▸ Problem details
Down to the last line, set down the material below exactly; skip the pictures.

▸ Data shown
================

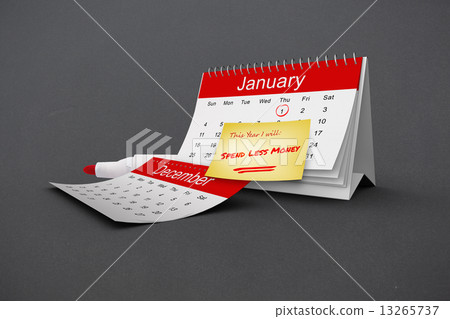 Composite image of new years resolutions 13265737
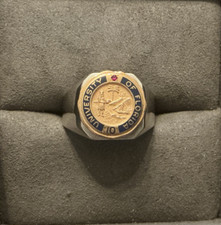 Vintage 14K Gold Filled Herff Jones University of Florida Signet Ring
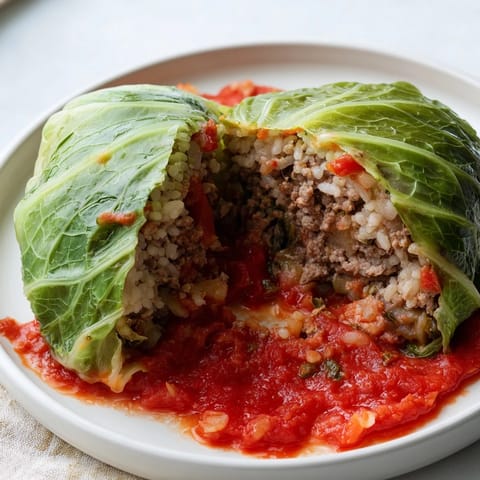 Gołąbki z mięsem i ryżem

================

▸ Response area
 Composite image of new years resolutions 13265737
 Vintage 14K Gold Filled Herff Jones University of Florida Signet Ring
 Gołąbki z mięsem i ryżem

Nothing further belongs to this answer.